- [What the task asks] Every line from the one containing "Women’s Beach Hat" to the one containing "Duravit Bathtub CAPE" in the records below, both included, must be set down exactly, and no other line.

[Data excerpts — start]

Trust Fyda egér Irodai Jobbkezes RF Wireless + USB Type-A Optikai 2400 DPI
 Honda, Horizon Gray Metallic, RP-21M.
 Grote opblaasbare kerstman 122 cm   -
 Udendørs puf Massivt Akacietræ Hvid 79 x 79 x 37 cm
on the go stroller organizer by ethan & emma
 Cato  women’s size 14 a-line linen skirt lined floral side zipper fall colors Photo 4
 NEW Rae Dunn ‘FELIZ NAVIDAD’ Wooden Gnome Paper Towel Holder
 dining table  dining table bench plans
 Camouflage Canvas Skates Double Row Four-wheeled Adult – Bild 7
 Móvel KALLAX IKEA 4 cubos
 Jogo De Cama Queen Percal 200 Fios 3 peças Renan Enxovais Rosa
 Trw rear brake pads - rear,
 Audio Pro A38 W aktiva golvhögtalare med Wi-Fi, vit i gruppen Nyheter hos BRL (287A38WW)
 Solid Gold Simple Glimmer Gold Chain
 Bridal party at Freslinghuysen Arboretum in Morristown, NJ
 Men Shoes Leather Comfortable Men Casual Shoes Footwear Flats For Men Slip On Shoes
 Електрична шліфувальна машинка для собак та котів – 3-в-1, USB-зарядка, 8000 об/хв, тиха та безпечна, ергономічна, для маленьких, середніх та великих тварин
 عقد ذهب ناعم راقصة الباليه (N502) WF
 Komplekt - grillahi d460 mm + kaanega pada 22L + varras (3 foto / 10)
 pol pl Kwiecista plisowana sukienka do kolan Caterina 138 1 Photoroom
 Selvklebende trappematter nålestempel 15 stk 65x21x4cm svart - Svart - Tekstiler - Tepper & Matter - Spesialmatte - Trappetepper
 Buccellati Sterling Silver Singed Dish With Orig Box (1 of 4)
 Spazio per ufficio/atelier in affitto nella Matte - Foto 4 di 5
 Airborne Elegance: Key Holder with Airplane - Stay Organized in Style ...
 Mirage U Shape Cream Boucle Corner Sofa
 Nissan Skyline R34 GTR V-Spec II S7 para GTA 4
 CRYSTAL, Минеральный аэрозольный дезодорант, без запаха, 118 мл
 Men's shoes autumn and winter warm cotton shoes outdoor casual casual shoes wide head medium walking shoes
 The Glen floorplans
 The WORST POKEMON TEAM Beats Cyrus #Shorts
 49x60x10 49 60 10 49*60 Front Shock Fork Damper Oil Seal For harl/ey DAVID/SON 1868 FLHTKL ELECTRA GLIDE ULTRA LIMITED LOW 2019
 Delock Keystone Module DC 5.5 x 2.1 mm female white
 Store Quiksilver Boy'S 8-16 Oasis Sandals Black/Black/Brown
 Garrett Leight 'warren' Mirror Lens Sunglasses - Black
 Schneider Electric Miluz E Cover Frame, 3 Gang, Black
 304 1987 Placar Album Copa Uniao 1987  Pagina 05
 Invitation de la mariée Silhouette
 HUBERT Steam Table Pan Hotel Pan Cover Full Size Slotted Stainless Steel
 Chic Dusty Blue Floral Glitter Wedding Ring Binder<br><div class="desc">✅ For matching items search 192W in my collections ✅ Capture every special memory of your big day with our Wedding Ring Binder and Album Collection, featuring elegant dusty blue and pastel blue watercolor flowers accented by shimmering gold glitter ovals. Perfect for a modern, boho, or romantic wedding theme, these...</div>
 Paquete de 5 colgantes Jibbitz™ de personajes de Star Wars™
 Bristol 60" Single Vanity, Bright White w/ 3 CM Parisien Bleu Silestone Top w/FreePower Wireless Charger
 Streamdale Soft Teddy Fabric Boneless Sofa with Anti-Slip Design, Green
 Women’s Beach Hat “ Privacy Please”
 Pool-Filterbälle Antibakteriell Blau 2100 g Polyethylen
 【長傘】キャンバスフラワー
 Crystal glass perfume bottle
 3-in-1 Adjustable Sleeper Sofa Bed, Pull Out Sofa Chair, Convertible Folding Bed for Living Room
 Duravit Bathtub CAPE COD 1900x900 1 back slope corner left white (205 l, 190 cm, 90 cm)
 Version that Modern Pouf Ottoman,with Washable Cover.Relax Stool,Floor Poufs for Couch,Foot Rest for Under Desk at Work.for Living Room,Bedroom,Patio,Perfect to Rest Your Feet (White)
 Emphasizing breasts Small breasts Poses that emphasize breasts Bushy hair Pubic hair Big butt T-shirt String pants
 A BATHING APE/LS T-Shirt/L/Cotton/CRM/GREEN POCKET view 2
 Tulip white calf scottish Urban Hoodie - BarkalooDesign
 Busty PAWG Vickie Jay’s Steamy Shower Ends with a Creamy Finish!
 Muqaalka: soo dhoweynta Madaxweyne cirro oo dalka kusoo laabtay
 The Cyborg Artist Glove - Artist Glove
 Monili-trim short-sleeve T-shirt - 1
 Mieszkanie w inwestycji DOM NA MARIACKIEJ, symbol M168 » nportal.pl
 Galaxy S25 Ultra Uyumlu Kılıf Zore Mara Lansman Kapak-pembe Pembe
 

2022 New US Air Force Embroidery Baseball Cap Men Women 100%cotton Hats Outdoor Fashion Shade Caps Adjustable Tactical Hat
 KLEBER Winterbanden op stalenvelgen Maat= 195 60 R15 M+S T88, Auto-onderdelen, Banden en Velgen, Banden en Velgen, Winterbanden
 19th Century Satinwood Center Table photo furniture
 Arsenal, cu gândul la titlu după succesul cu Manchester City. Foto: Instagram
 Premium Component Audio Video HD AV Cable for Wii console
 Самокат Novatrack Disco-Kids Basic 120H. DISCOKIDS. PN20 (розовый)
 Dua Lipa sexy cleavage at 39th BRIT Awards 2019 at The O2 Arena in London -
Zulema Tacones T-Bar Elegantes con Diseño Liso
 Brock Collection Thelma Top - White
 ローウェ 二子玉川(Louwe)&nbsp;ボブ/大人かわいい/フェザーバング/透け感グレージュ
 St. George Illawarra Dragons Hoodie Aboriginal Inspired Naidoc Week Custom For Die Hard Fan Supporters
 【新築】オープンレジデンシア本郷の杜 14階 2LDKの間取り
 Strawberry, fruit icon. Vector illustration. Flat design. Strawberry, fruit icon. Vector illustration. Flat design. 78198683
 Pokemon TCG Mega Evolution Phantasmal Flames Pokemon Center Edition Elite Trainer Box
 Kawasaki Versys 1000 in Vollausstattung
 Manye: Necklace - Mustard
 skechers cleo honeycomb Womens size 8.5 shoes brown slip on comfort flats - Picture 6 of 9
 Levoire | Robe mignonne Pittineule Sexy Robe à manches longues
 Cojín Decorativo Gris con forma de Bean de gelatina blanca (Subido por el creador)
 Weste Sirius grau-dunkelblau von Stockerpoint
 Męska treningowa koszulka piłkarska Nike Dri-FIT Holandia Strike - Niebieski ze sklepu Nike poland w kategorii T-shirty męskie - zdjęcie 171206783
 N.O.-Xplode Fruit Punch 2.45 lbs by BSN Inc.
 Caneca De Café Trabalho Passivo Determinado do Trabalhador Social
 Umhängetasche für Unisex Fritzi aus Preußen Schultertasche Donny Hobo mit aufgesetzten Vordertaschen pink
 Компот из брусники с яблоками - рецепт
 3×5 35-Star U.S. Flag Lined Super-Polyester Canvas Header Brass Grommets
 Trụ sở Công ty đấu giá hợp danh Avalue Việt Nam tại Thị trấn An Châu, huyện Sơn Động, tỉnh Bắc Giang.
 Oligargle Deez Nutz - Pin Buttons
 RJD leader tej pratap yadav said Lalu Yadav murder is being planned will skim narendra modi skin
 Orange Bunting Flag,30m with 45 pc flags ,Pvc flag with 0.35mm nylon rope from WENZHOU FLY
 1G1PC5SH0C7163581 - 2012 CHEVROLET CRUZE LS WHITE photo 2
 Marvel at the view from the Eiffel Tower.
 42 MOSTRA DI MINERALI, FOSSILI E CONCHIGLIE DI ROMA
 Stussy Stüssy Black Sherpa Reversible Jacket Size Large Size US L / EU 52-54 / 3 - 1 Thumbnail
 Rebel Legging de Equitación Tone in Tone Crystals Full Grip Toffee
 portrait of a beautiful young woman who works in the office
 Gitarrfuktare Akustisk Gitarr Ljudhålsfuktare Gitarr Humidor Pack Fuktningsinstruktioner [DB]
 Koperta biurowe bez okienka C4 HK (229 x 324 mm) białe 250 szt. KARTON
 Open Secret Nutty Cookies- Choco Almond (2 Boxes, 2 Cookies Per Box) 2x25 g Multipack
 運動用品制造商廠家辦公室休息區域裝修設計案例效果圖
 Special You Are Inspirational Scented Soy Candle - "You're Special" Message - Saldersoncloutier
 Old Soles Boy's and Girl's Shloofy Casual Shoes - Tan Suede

[Data excerpts — finish]

- [Output of the exercise]
 Women’s Beach Hat “ Privacy Please”
 Pool-Filterbälle Antibakteriell Blau 2100 g Polyethylen
 【長傘】キャンバスフラワー
 Crystal glass perfume bottle
 3-in-1 Adjustable Sleeper Sofa Bed, Pull Out Sofa Chair, Convertible Folding Bed for Living Room
 Duravit Bathtub CAPE COD 1900x900 1 back slope corner left white (205 l, 190 cm, 90 cm)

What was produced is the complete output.